• _Web page caption snippets_

----

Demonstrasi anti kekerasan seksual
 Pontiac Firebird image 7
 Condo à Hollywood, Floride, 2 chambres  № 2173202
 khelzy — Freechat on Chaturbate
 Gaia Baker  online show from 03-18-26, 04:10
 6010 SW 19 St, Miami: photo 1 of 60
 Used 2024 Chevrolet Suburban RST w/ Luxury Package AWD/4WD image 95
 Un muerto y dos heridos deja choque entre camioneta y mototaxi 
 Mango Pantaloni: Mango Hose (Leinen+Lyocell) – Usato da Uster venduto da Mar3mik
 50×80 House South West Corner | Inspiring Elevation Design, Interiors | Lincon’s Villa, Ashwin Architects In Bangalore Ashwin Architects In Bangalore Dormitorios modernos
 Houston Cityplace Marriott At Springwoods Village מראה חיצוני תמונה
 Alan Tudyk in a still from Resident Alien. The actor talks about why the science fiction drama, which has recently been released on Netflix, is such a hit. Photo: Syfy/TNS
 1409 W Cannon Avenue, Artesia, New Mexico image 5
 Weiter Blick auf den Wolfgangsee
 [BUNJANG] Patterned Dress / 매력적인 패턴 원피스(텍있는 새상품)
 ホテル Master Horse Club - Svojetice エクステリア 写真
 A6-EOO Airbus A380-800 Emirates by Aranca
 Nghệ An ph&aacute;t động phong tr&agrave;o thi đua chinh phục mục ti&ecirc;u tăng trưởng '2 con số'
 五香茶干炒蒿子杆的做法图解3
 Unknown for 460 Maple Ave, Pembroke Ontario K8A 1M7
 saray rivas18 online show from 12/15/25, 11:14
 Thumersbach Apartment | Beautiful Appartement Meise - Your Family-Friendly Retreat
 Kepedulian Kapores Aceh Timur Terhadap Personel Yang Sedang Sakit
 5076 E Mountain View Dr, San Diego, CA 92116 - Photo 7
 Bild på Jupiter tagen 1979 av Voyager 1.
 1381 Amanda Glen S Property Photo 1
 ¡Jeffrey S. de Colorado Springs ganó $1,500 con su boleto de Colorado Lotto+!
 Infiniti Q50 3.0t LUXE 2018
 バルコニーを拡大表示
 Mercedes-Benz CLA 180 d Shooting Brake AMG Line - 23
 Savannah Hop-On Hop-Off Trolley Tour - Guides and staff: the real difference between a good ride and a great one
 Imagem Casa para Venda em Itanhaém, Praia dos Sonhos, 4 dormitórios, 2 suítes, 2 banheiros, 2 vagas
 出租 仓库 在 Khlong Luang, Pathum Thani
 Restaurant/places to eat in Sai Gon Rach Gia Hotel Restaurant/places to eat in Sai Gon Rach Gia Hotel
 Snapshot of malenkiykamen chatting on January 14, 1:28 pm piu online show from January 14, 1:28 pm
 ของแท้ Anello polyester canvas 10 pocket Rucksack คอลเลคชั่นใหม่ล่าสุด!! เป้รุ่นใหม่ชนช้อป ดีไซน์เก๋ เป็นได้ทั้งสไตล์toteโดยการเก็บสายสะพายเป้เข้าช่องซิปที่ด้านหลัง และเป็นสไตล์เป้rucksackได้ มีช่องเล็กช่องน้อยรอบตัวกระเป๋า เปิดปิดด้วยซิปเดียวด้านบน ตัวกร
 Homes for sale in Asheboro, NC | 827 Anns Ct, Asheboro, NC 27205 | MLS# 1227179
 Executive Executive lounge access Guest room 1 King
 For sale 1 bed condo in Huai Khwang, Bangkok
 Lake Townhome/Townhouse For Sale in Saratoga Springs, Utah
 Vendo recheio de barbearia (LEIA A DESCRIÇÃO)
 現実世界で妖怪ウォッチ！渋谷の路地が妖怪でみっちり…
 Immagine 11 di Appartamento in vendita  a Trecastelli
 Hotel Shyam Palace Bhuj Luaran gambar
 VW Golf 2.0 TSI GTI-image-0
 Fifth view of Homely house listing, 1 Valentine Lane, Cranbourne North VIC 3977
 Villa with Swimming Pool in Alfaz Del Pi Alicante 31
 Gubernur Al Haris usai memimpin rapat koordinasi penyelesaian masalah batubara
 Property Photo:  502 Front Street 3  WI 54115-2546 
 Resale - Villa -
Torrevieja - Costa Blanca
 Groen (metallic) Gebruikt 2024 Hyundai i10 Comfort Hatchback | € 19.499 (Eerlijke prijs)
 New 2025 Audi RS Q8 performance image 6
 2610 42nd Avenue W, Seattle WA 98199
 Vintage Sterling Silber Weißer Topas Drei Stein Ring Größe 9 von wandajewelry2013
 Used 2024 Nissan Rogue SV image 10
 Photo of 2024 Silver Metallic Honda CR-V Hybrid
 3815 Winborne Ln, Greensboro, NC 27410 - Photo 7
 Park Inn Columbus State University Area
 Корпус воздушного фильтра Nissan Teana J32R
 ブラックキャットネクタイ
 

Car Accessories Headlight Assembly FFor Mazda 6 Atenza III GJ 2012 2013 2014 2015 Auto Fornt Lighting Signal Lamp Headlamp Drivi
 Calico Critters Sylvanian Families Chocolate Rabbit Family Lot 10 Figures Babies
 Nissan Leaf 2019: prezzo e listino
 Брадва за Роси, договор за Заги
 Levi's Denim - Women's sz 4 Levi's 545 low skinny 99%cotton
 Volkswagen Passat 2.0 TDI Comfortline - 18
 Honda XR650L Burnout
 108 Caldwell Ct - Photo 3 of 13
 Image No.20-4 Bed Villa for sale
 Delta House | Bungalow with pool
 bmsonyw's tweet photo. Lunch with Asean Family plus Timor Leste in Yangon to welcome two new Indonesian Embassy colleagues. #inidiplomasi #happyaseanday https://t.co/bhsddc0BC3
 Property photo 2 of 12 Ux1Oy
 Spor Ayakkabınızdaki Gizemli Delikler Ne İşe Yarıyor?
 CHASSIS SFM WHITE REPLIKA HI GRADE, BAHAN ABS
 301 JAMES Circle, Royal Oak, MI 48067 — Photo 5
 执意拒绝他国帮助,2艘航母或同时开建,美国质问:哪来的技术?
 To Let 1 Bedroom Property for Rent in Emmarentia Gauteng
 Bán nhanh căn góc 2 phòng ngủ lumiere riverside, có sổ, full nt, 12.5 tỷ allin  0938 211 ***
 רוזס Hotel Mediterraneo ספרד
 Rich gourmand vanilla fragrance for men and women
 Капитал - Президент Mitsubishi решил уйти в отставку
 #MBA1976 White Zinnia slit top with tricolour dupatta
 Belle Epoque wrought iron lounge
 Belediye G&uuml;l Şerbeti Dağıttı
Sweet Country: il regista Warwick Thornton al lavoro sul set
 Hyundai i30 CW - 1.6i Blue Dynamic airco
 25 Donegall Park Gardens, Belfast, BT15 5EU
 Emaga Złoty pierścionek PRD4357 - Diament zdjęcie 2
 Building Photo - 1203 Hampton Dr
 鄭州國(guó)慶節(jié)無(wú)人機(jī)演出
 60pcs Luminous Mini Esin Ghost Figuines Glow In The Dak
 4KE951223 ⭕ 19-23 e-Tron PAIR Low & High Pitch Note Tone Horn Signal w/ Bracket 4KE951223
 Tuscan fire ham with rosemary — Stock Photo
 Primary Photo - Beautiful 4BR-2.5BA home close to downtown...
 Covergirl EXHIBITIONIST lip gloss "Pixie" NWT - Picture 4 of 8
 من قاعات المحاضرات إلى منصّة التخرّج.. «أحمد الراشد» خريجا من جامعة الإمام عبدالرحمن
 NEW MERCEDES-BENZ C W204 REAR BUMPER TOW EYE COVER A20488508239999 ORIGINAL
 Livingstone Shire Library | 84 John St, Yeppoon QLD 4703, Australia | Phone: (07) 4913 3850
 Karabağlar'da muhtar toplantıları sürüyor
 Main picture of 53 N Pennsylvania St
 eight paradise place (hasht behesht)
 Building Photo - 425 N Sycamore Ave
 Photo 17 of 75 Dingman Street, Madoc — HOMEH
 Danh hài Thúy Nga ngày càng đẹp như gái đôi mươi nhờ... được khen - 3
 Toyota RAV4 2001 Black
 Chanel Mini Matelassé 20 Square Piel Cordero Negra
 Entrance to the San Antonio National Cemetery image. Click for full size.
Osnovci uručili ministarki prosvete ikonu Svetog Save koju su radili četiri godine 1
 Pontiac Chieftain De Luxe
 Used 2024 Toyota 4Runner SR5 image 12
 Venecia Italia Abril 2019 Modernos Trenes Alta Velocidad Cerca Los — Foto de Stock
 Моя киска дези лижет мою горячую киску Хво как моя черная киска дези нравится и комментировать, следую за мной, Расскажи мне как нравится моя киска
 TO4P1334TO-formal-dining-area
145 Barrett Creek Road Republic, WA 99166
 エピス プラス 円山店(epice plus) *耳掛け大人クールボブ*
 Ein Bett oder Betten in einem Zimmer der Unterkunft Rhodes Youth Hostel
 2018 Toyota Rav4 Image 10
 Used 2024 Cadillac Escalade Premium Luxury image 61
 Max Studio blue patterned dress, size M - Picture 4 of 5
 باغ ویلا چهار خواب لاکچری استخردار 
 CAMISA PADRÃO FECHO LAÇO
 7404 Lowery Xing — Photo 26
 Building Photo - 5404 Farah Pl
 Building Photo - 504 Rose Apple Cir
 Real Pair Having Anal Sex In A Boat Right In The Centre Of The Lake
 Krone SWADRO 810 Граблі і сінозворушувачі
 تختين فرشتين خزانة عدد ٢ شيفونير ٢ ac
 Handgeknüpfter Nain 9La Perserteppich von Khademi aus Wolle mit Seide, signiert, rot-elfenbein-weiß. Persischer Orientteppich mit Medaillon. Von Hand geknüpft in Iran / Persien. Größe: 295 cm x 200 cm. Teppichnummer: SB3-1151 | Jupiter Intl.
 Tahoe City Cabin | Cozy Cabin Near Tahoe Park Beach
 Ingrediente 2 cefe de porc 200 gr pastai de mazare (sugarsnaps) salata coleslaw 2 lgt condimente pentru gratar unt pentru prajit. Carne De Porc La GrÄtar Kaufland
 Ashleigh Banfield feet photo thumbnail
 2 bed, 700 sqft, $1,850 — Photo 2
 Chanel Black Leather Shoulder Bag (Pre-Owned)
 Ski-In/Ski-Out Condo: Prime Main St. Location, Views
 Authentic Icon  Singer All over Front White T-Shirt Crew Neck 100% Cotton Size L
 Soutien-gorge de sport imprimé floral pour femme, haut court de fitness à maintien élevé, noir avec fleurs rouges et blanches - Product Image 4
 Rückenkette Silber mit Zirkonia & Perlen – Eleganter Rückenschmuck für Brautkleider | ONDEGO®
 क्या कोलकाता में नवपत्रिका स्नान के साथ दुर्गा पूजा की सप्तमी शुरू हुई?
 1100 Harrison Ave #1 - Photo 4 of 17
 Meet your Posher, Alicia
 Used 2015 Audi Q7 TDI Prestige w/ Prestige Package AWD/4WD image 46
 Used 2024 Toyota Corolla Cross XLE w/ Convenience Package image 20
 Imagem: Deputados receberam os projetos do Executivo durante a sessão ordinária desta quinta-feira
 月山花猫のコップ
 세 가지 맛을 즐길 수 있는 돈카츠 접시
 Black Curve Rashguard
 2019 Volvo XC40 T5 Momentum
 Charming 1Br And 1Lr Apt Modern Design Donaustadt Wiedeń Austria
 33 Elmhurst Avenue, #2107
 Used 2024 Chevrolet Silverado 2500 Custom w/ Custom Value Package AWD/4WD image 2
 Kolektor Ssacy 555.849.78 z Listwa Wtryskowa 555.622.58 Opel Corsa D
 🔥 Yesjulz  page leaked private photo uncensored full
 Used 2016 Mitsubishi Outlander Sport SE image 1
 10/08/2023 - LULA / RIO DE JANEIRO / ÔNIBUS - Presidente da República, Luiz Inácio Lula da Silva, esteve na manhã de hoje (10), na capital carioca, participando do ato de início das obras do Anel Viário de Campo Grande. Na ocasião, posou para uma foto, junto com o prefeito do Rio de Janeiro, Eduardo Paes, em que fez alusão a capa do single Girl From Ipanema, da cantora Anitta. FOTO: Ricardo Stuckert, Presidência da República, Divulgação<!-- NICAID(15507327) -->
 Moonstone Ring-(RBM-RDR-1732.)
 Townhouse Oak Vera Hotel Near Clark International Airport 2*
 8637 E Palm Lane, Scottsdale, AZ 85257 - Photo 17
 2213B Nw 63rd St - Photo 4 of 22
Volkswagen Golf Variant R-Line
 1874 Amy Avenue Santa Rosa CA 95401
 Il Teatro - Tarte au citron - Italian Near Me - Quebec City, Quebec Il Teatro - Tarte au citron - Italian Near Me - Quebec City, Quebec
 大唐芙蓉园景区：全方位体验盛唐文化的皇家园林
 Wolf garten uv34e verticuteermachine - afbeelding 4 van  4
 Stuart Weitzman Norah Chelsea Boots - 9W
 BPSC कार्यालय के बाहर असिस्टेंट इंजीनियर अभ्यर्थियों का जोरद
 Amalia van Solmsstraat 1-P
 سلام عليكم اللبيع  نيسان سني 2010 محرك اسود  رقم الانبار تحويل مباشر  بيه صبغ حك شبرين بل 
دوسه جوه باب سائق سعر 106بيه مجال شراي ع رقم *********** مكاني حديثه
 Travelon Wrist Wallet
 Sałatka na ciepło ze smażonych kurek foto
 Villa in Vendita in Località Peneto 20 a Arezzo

----

• _Description of the task_
Would you filter the entries above and keep each line that has the word "Volkswagen"?

• _Solution for this problem_
 Volkswagen Passat 2.0 TDI Comfortline - 18
Volkswagen Golf Variant R-Line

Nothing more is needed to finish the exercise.